Image 3. According to the Energy Information Administration’s (EIA) International Energy Outlook 2017, world energy consumption will increase from 575 quadrillion British thermal units (Btu) in 2015 to 736 quadrillion Btu by 2040. This will put pressure on operators in the industrial sector to optimize energy consumption while still satisfying demanding production rates.
What is the OECD? Founded in 1961, the OECD is an intergovernmental organization that is committed to stimulating economic progress and world trade. There are 36 OECD countries, including the United Kingdom and the United States.
Related to the rate of growth in world energy consumption, the EIA predicted that the global industrial sector—for this article’s purposes, the manufacturing, mining, agriculture, and construction industries—will continue to account for the largest share of energy consumption through 2040. At an annual growth rate of 0.7 percent, global industrial energy use will increase a total of 17.5 percent from the 240 quadrillion Btus in 2015 to 280 quadrillion Btus by 2040.
Image 4. The EIA’s International Energy Outlook 2017 predicts that the industrial sector will continue to account for the largest share of energy consumption through 2040.

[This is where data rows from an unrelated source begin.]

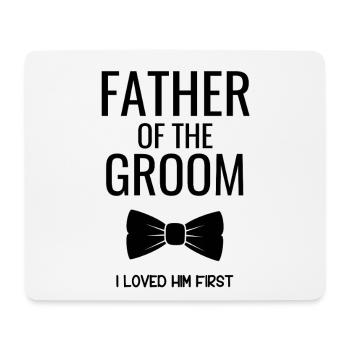 Father Groom Bowtie - Mouse Pad (horizontal) - white - Front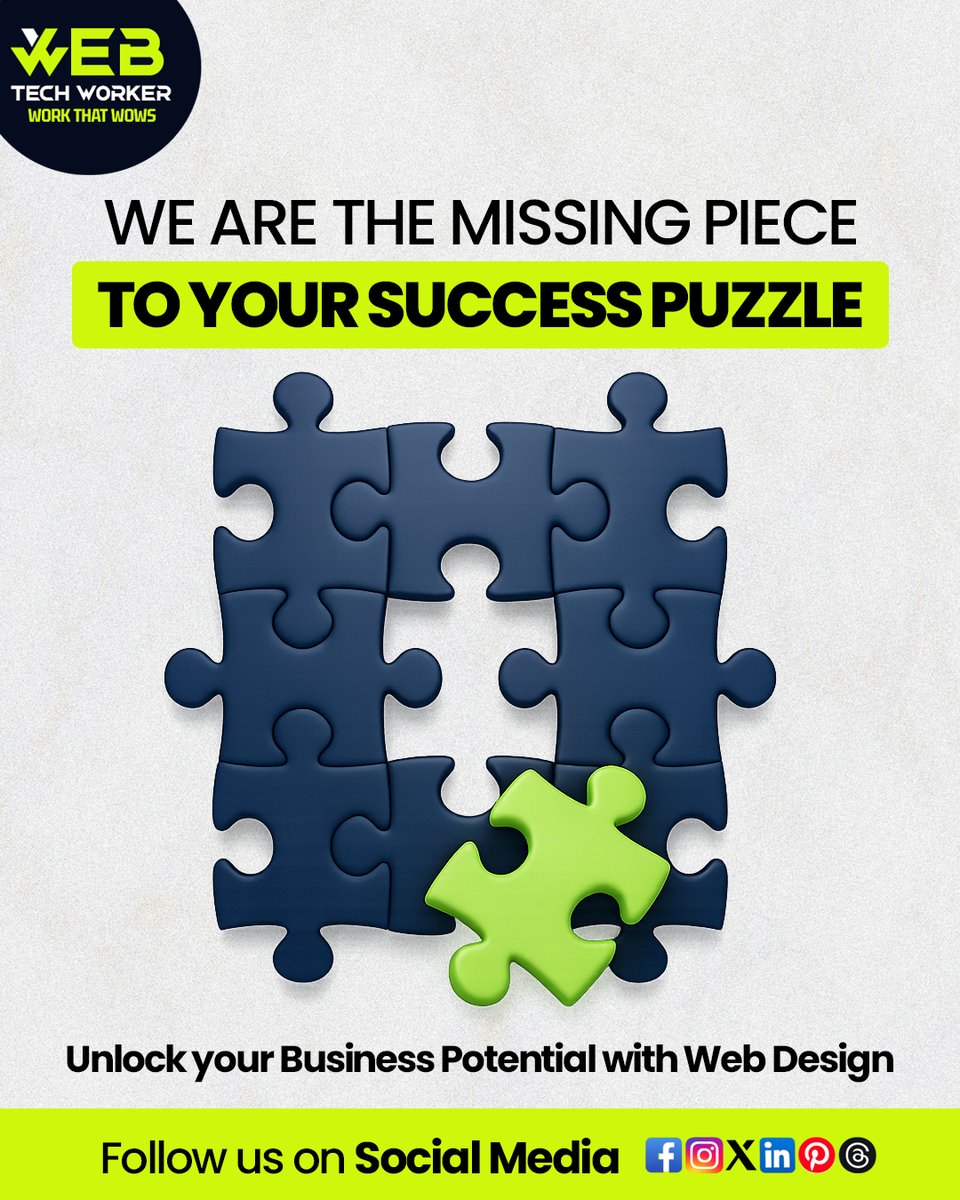 webtechworker's tweet photo. Turning Business Gaps into Growth Opportunities

Powerful web experiences tailored for modern businesses.

#WebDesign #DigitalGrowth #BusinessSuccess #CreativeAgency #BrandBuilding #WebsiteDevelopment #DigitalMarketing #WebTechWorker #GrowOnline #BusinessBranding #ModernWebsite https://t.co/7m6Ew66d0W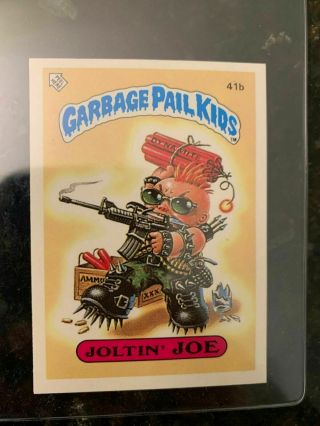 1985 Topps Garbage Pail Kids Mini 41b Joltin Joe.  Nm - Mt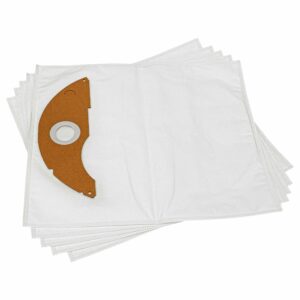5x Sacos para Aspirador vhbw para Starmix FBV 22, 454870 - Microfibra (22 l)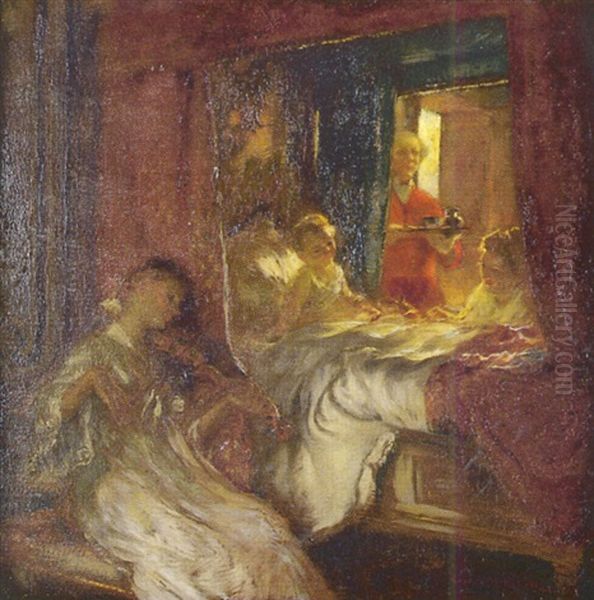 Le Jeune Roi Oil Painting by Gaston La Touche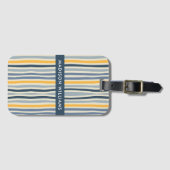 Bagagelabels met gekleurde lijnen (Voorkant (horizontaal))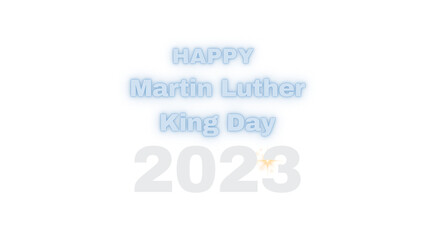 Martin Luther King Day with light purple transparent background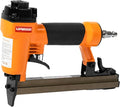 7116 Pneumatic 22 Gauge Stapler 3/8-Inch Crown 1/4-Inch to 5/8-Inch Length, Air-Powered Upholstery Stapler for Carpentry, Woodworking and DIY Projects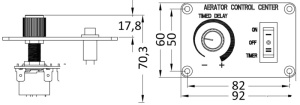 Panou electric pompa aerator 12V Osculati cu timer reglabil si panou din aliaj de aluminiu 92x60mm 10A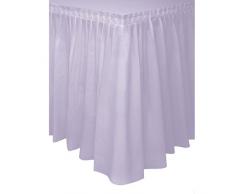 Unique Party - 50052 - Jupe de Table en Plastique - 4,2 m - Lavande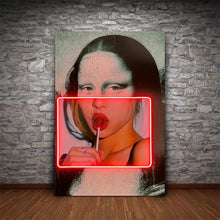 Load image into Gallery viewer, لوحة فنية جدارية بعنوان &quot;اهتزازات مونا الكهربائية&quot;
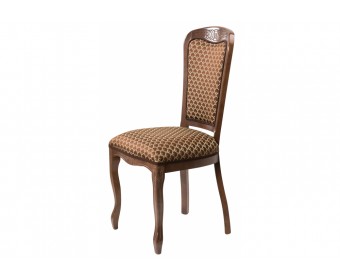 Деревянный стул Клето орех / золото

The main reason behind this steady increase in energy consumption should be equally obvious—the world’s population continues to increase, with the United Nations’ Department of Economic and Social Affairs saying that the current population of 7.6 billion people will expand to 8.6 billion in 2030 and 9.8 billion by 2050. This consistent population growth is most significant in developing, non-OECD countries, and is being driven by improvements in infrastructure, food production and health care that have created a better standard of living for many of those countries’ residents.